For something Johnson County leaders have been trying to sell us for years, there should be more answers. Or at least some answers. Johnson County voters shouldn’t be asked to take any of this on faith. When trust in government is at an all-time low, Johnson County government officials should be expected to show their work.

Johnson County deserves investments aligning with our priorities

This spring, voters soundly rejected pro-jail Board of Supervisors incumbents and candidates in favor of jail-skeptical ones — Johnson County leaders should stop and listen to the people they serve.

We imagine there are better ways to spend nearly $100 million. 

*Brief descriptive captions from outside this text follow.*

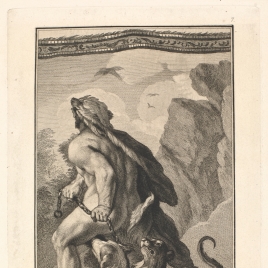 Hércules encadena y aparta al Can Cerbero que le impedía el ingreso al infierno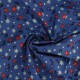 Coupon 3m Tissu Coton Imprimé Fleur Fond Bleu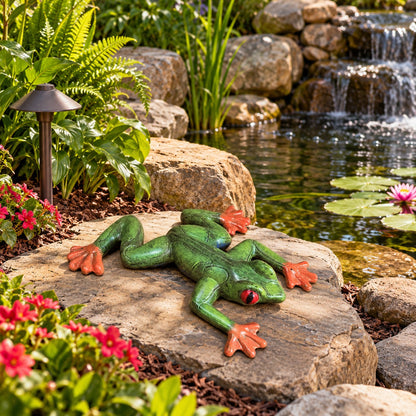 Green tree frog statue with red eyes and orange feet, cast aluminum garden decor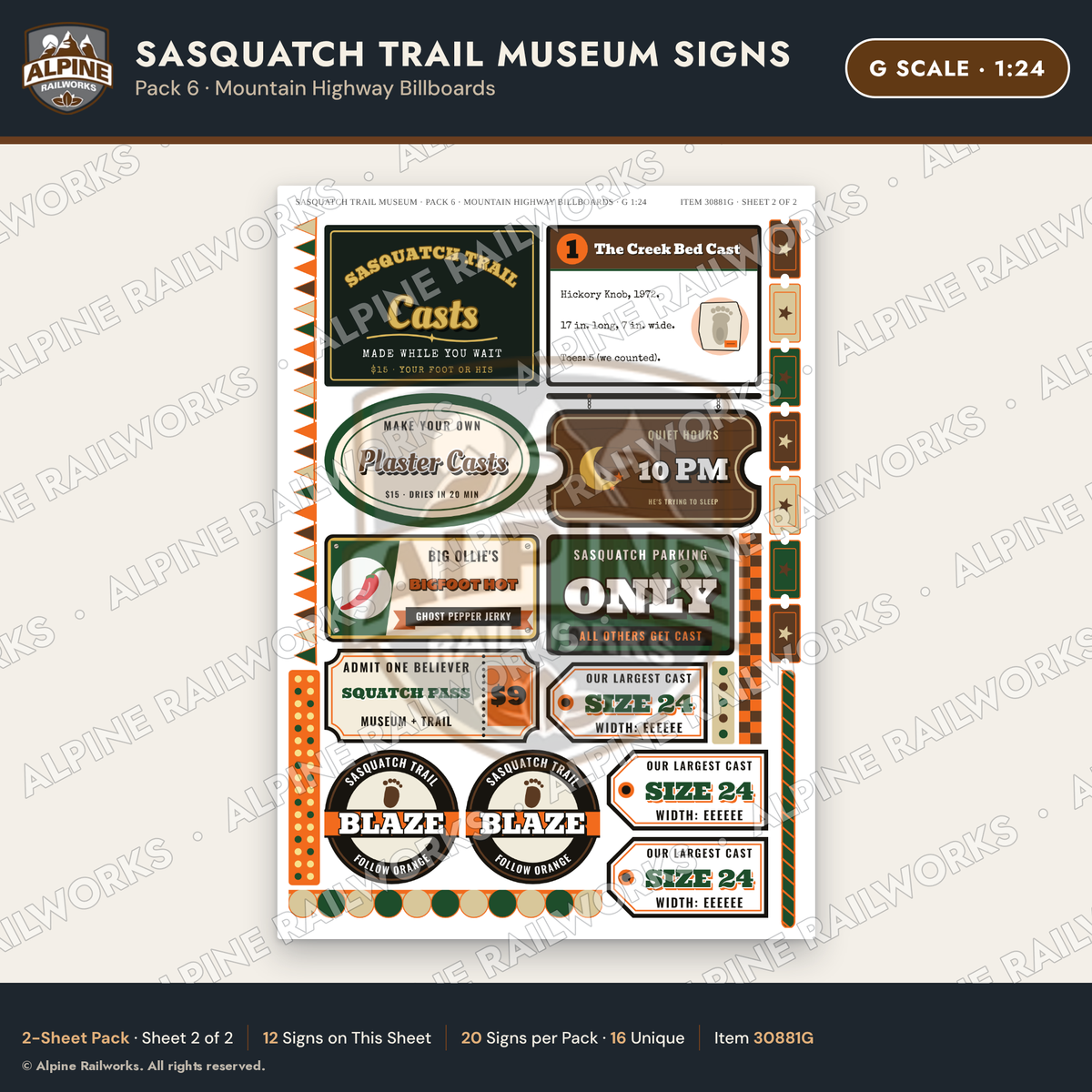 Alpine Railworks 30881G G Scale Roadside Signs - Bigfoot Museum
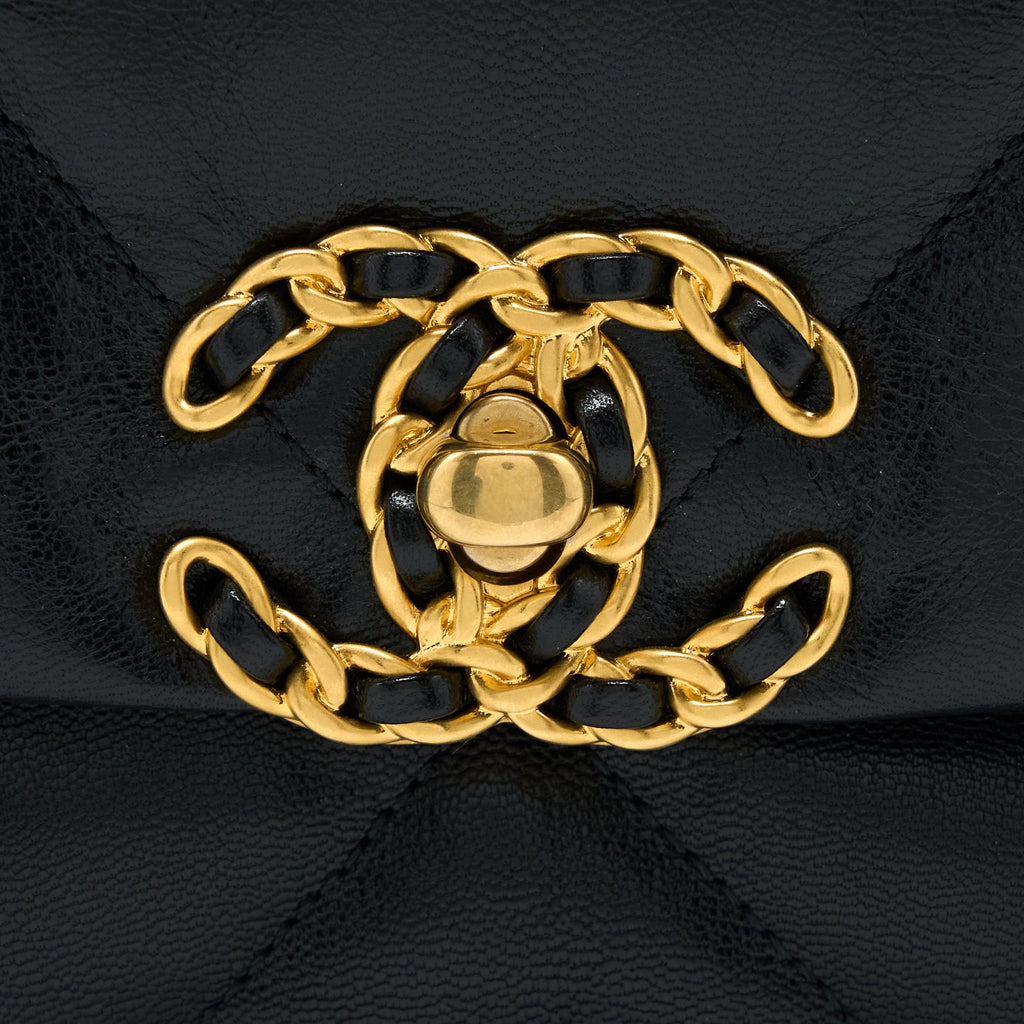 CHANEL MAXI 19 BAG GOATSKIN BLACK MULTICOLOUR HARDWARE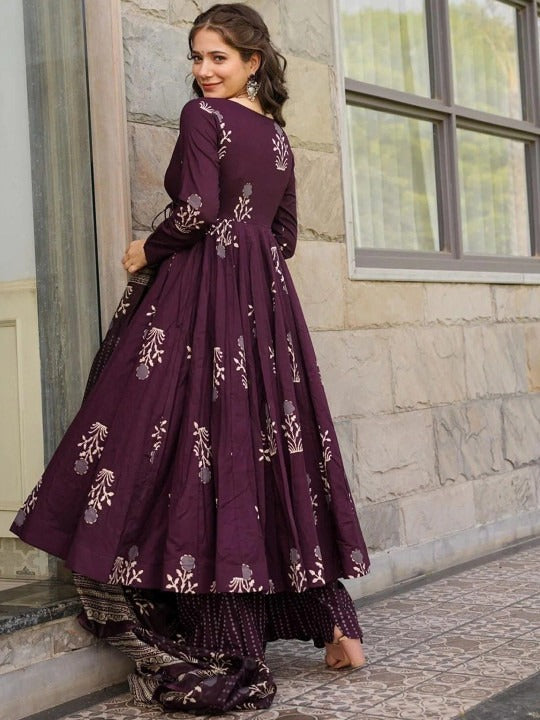 Women Floral Printed Angrakha Kurta with Palazzos & Dupatta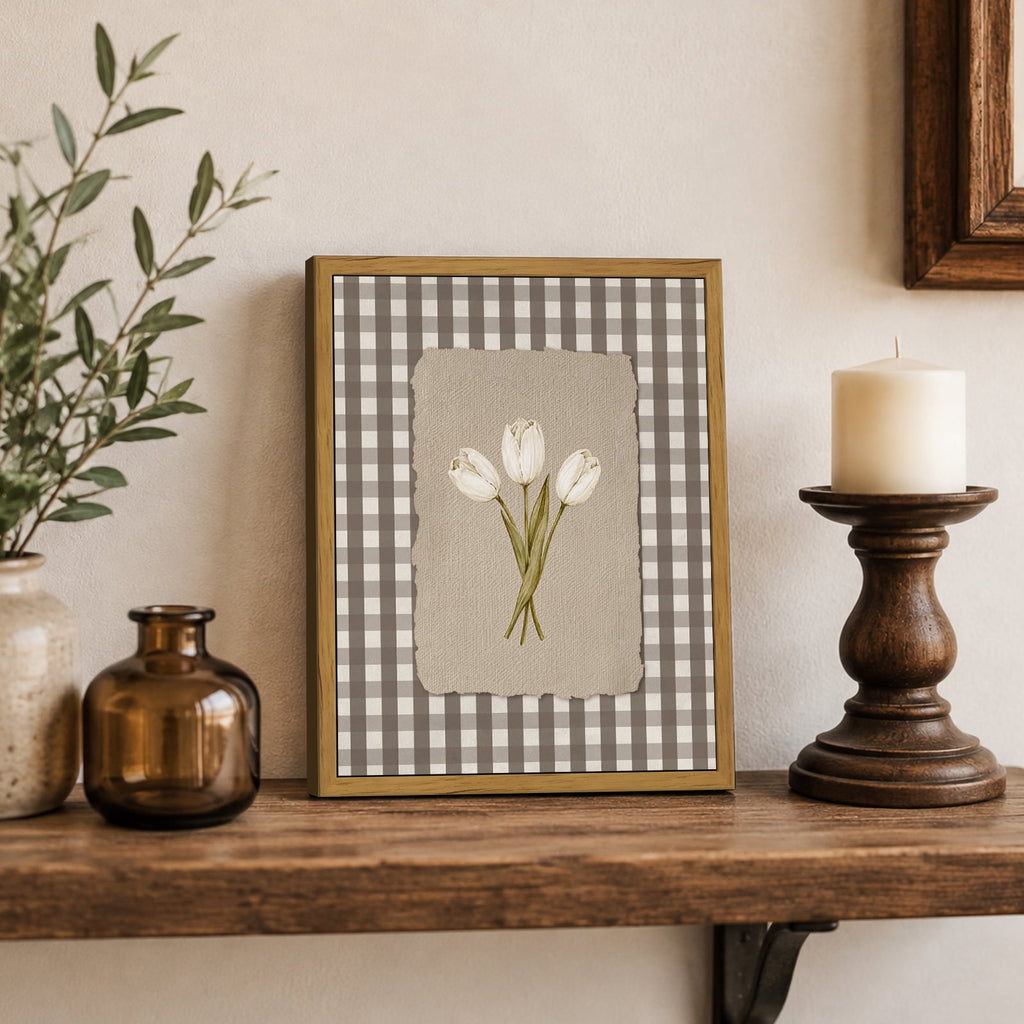 Drsoum Neutral Tulip Wall Art Framed Canvas Print 8x10 Inch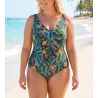 Maillot de bain une pièce fleuri kaki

We imagine ending homelessness in Johnson County, not a jail. We imagine funding childcare so parents can work and care providers can make a good wage, not a jail. We imagine community investments tripling those seen from the American Rescue Plan Act, which had a transformational impact on Johnson County and its cities, not a jail. We imagine providing real mental healthcare in the community and in schools and in libraries, not a jail. We imagine making sure our neighbors are no longer hungry, not a jail. We imagine building crisis response infrastructure that acts before there are victims and doesn’t rely on incarceration, not a jail. We imagine being creative and trying something new. Not another jail.

We’re voting “no” to spending $96,000,000 for a new jail on Nov. 3 because Johnson County deserves better.